Mr. D. Bryson began work in machining and metalworking in Canada in 1981, becoming a world recognized journeyman tool and die maker in 1985. Re-entering the workforce as a CAD designer, he worked his way up to Senior Mechanical Engineer in a leading microwave radio company. He shares recognition in two patents relating to his design work of microwave radios. His previous hands-on metalworking experience has benefitted him greatly in his design career, where he continues to design and develop innovative yet simple-to-manufacture parts and assemblies. Familiar with all aspects of manufacturing including precision machining and grinding, stamping, die casting and welding. He is an expert in Solid Works and AutoCAD, including import and export of the many other software platforms in the marketplace.
Interview with Mr. D. Bryson
1. What kinds of clients do you serve?
My clients are varied. My background is in metalworking and mechanical CAD, both 2D & 3D. I have worked on very complicated mechanical assemblies and manufacturing drawings for the microwave industry, the semi-conductor industry, the nuclear industry and just the manufacturing industry in general. I have also worked with architectural CAD and have a client in the low voltage retrofit industry whose major customers are school districts and hospitals. They upgrade security systems and classroom technology. I have done both 2D drawings and 3D renderings for them. I have another client that installs automatic car wash systems and I do all their installation drawings. I have another client for whom I do RV park layouts. Finally, I have created drawings for individuals to submit with patent applications.
2. What was the most interesting CAD project that you ever worked on? What made it interesting?
What challenges did you face?
The most interesting project I worked on was a proprietary mechanical system that I can’t even talk about since the patent application is still pending. It had many small mechanical assemblies and a very large final assembly. All the work was in 3D. It will be interesting to see it actually come to fruition and know I was a part of it. I had to research many new to the market components that went into the assembly, create 3D models of them and integrate them correctly.
3. Of the software tools that you use, which is your favorite and why?
My favorite tool is Solid Works. With my mechanical background, it is the most versatile software available that ties part modeling, assemblies and drawings all together parametrically. I can’t imagine doing the work I do today on a drawing board with a pencil. A week’s work would take a year!
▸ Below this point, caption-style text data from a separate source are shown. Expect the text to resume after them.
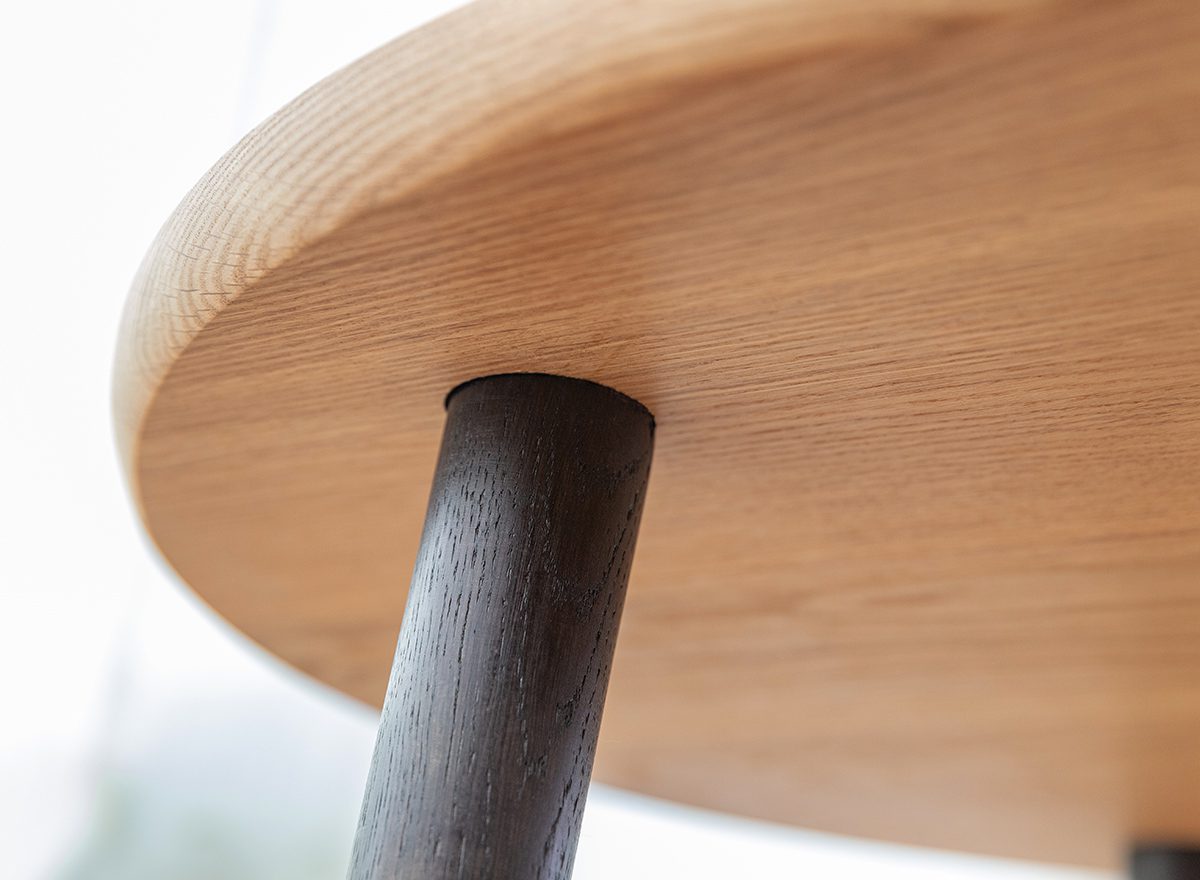 Ciemna metalowa noga osadzona w jasnym drewnianym blacie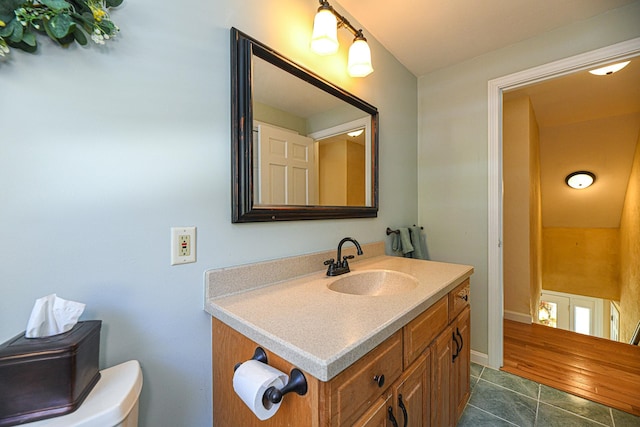 bathroom with tile patterned flooring, vanity, and toilet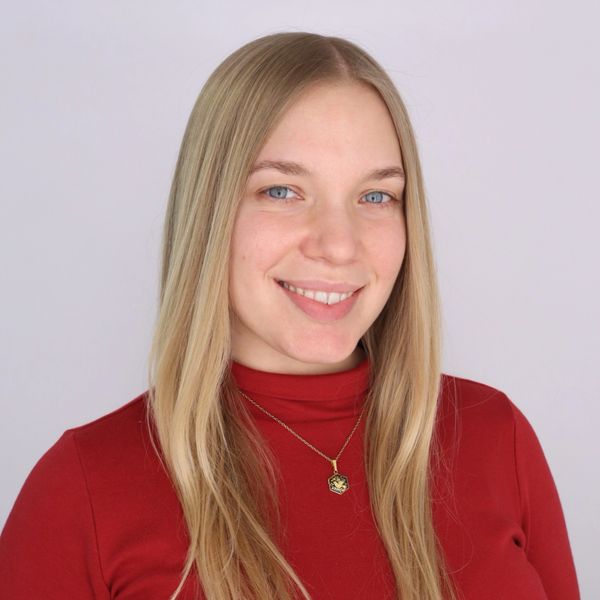 Smiling young woman with long blonde hair wearing a red top and pendant necklace.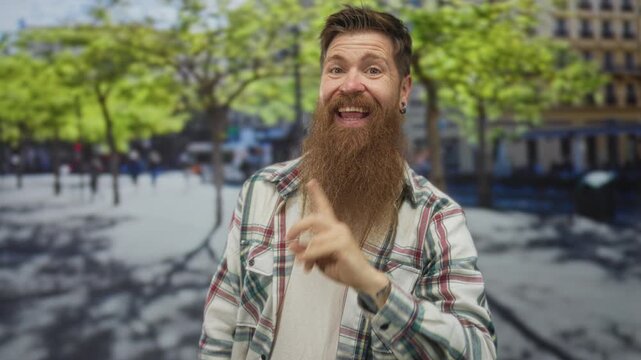 Bearded man smiling and making call gesture with hand on busy city street amid pedestrians; friendly connection bonding communication.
4. What trends are you observing in the market for CAD services? How have these trends affected
you, and how are you responding to them?
I have talked to all my clients many times over the last 2 years, thinking that they were bringing their CAD requirement in-house since I had shown a significant decrease in business from all of them. This was not the case. It is simply a slowdown in all industries. If anything, they have laid off their own full time people and are still planning on outsourcing the majority of their CAD work.
5. What do you like about working as an interim CAD draftsman or external CAD consultant
working on a time-bound project?
I have always been good at time management and servicing several clients on several projects at the same time. I have never missed a deadline or had an unhappy client. With a home office, I have the flexibility to work any hours required to get the job done.
6. Have you ever provided CAD consulting services remotely, either via phone, the Web or email?
Do you use any screen sharing tools (like Webex, Skype, or GoToMeeting), and are they
effective? What kinds of questions and problems could you tackle remotely? Are there any
issues that you feel are better handled face-to-face?
I have been involved in many remote meetings as an observer but have not yet had the necessity to launch my own meeting.